What the task asks | Return the lines below that contain "Glass".

========

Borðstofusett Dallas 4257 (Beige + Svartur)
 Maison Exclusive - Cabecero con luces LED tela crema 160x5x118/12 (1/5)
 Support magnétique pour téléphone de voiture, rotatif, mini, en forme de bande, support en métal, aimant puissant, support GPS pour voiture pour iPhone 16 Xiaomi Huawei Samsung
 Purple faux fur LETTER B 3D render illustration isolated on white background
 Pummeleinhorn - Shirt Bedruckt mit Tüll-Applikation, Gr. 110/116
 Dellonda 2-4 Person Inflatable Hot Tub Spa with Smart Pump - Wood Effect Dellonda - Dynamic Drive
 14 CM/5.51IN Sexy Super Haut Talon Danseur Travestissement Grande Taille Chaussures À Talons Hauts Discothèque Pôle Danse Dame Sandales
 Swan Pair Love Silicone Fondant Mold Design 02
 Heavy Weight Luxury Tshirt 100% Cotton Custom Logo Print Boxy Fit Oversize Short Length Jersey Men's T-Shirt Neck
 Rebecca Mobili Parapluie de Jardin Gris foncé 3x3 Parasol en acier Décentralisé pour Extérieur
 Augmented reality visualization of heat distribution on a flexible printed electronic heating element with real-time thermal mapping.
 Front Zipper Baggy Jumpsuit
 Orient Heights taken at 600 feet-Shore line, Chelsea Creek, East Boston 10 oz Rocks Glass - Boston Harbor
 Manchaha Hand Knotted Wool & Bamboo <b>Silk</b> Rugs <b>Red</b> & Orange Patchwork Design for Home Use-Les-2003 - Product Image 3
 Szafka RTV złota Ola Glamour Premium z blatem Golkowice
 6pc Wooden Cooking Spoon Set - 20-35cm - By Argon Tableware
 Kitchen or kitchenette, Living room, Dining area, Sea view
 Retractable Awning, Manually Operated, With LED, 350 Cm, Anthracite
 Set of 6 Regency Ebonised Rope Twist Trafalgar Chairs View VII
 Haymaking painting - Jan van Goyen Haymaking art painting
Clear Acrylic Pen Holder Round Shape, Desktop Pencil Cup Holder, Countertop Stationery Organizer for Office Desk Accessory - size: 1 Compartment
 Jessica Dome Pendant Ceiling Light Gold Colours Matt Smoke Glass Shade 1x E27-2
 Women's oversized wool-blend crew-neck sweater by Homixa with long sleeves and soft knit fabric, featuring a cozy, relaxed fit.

========

Task output |
 Orient Heights taken at 600 feet-Shore line, Chelsea Creek, East Boston 10 oz Rocks Glass - Boston Harbor
 Jessica Dome Pendant Ceiling Light Gold Colours Matt Smoke Glass Shade 1x E27-2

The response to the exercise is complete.